Permissions should be granted with T-SQL scripts and it should be done in such a way that auditing can be performed. For example, a DBA receives a request from a department head to enable a new employee to access the department's database for a specific application. All operations from the creation of the login account through the granting of permissions should be documented in audit tables that records who added which login account or user account as well as when, where, and why each login was created. The T-SQL scripts for all operations should be maintained in a secure location. Standardizing this and all other administrative operations is key. Consider building a Web-based front-end application to make these and other changes. Use triggers and audit tables to record the details of the operations.

Granting/Revoking/Denying Permissions

Permissions can be granted/revoked/denied using either Enterprise Manager or the Grant/Revoke/Deny T-SQL commands. As has already been mentioned, permissions should be granted to roles using scripts whenever possible rather than directly to the individual database user accounts.

Permissions information is stored in the syspermissions table in each database. DBAs can more easily track additional permission information by querying the dynamically created sysprotects pseudo-table. A GRANT permission shows a positive entry in the protecttype column of sysprotects of either 204 for a grant_w_grant (allows granted users to grant the granted permission; requires the use of the grant T-SQL command) or a 205 for a standard grant. A DENY permission shows a negative entry of 206. A REVOKE permission either removes a granted or denies permission and no entry appears in sysprotects. This means that the user or group that had the permission revoked will no longer have any access. The exception again would be granted permissions through other role memberships.

Permissions are cumulative so that a database user's effective permissions are the most permissive of those that have been granted to the database user account or to any roles within the database that the user belongs. This does not include application roles because these roles do not contain any users or roles.

A denied permission at a user or role level supercedes all other granted permissions. For example, John is a member of the Sales_Role in the Sales database. John has been granted permissions to select from the tblTeleSales table. The Sales_Role has also been granted permission to select from the same table. If John's individual permissions are revoked, John will still have the permission as a result of his role membership. On the other hand, if only the Sales_Role has its permission revoked, John will still have his own access to tbl_TeleSales. All other users of the role will lose permissions as granted through the Sales_Role. Users of this role can still select from tbl_TeleSales as long as they have been explicitly granted the permission or belong to another group that has that permission and they have not been denied access at any level.
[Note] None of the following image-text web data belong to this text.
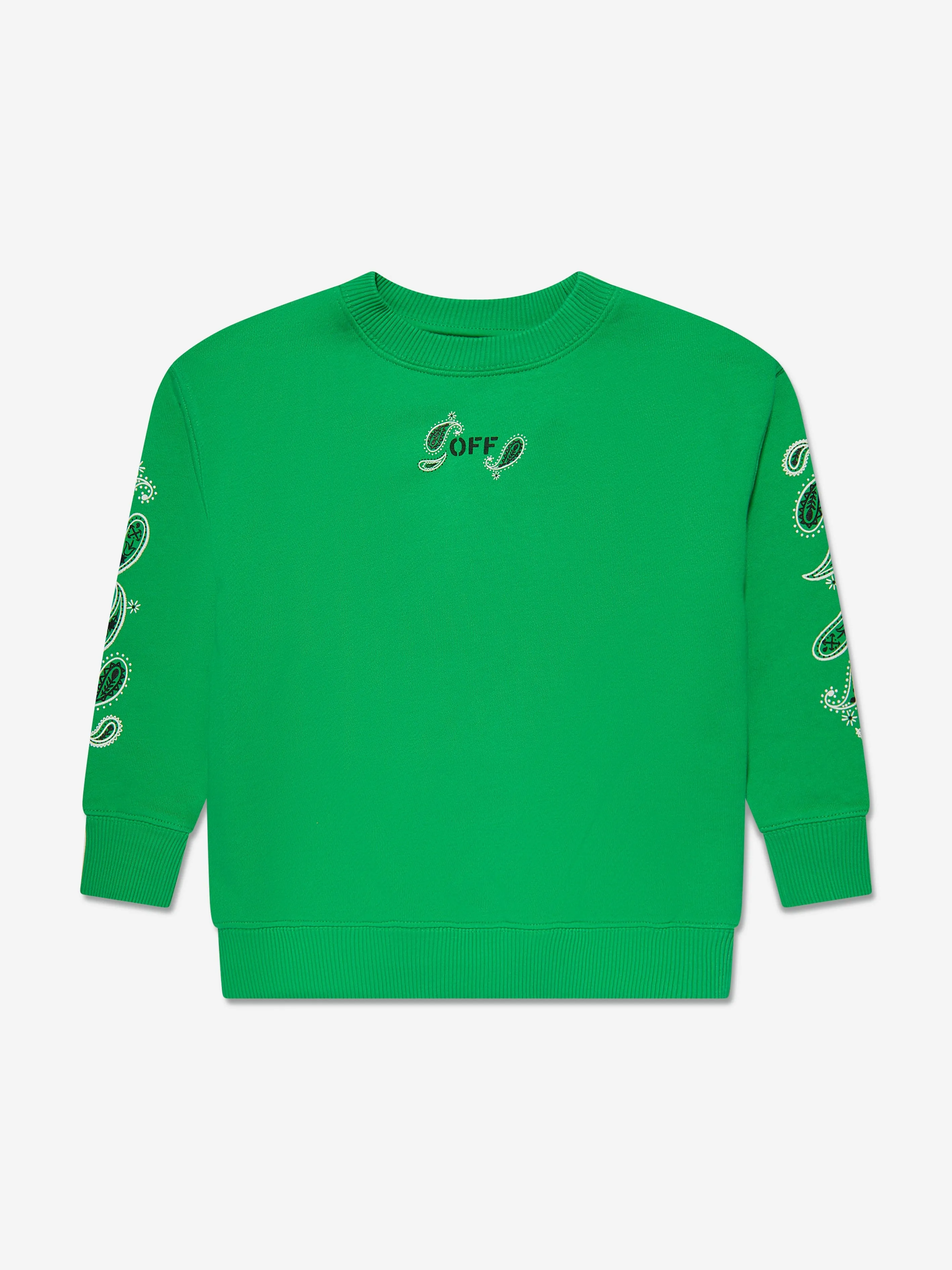 Off-White Kids Bandana Sweatshit in Green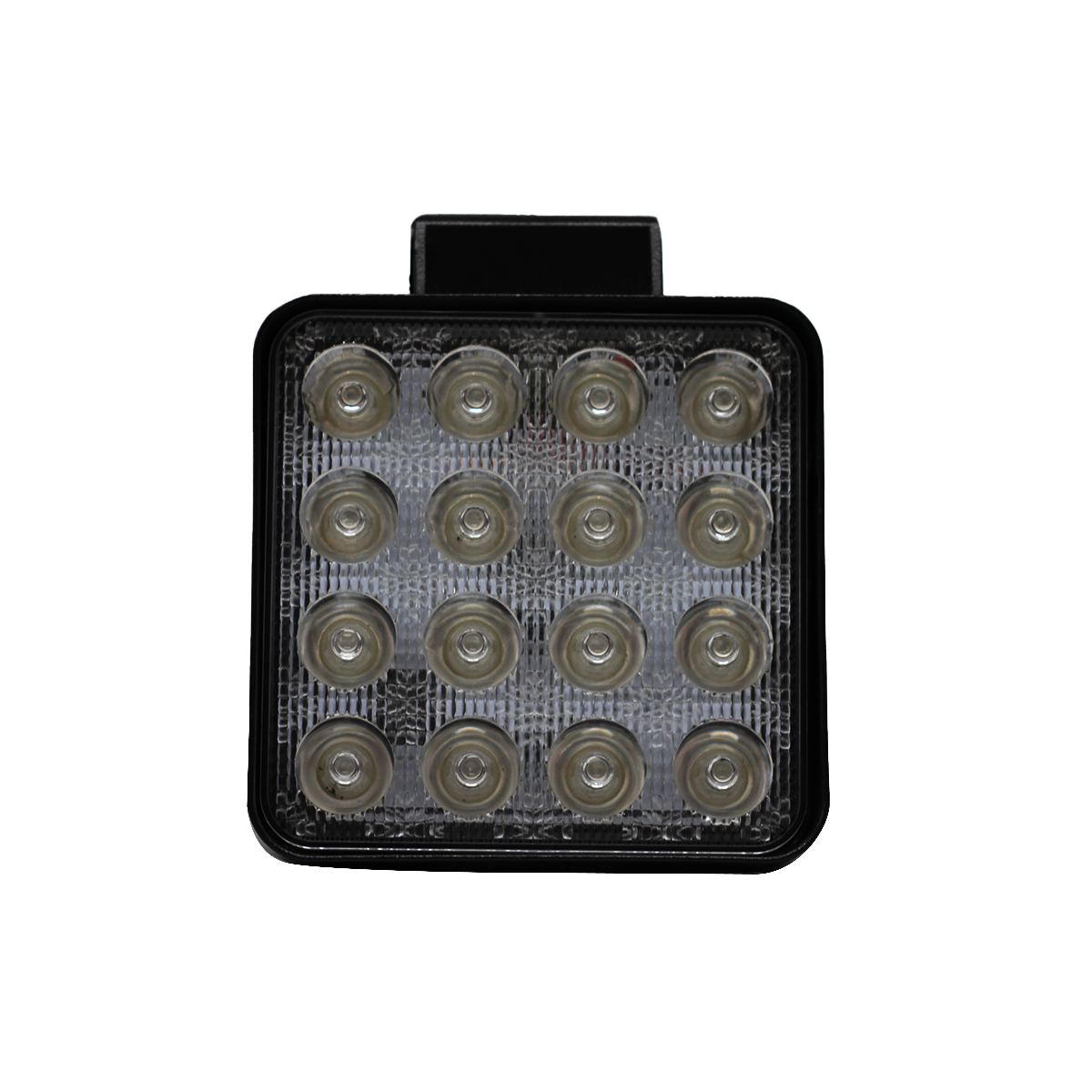 OFF ROAD FARO DE LED FARO DE 16 LED CUADRADO 48 WATTS 6CM PROFUNDIDAD AZUL 12V - 24V ILUMINACION SPOT - 2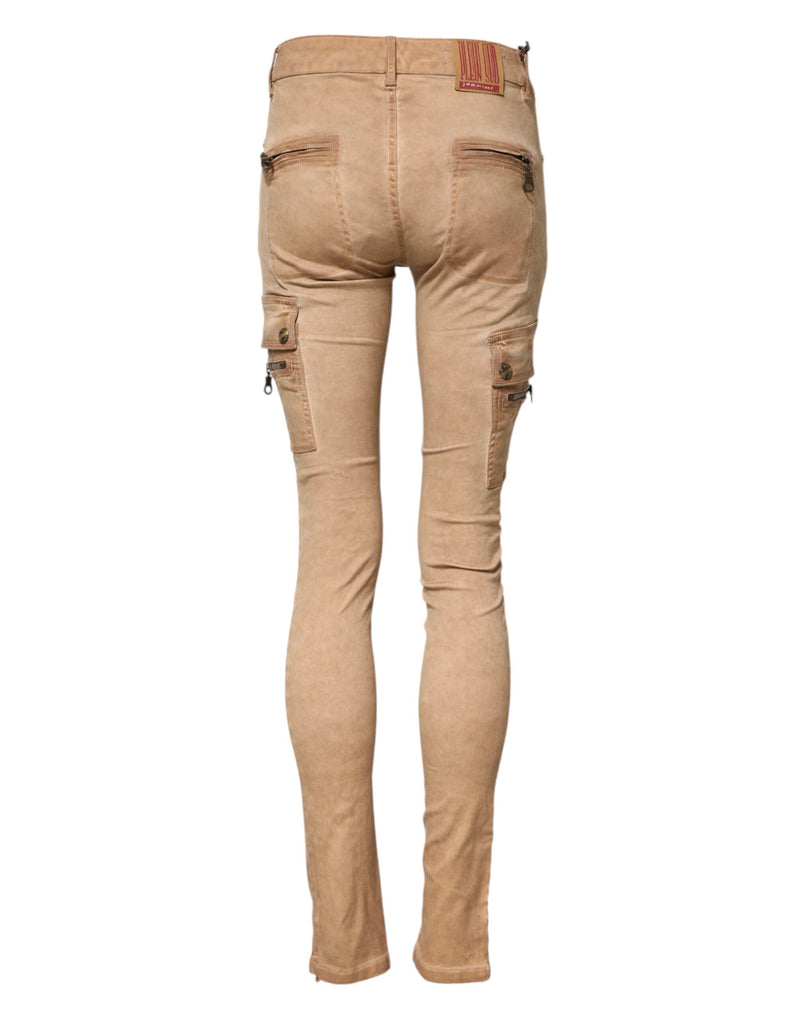 PLEIN SUD JENIUS Jean Skinny Brun à Taille Mi-haute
If John's permissions are denied, however, John will not have access, regardless of the permissions for roles to which he belongs. Users in Sales_Role will still have access. If the Sales_Role has its permission denied, John and any members of the role will no longer have access regardless of any other role permissions that have been granted select on tbl_TeleSales.

Effective Permissions

Permissions that are granted to users and roles and are database specific. All permissions are cumulative with the exception of a DENY. A denied permission at either a user level or at a role level overrides the same permission granted via other role memberships with the exception of the sysadmin fixed server role. (A sysadmin retains all permissions, even if a role they are a member of has a DENY permission.) If a DENY is applied to a role, all members of that role are denied. In general, a REVOKE of a granted permission should be used instead of a DENY to remove permissions. A REVOKE removes either a GRANT or a DENY. A DENY can cause permissions problems that can be very difficult to track. Be especially careful in applying a DENY to a single user. By using REVOKE and roles, administration of permissions and documentation can be simplified.


When working with passwords, there are two areas to consider, application role passwords and resetting passwords.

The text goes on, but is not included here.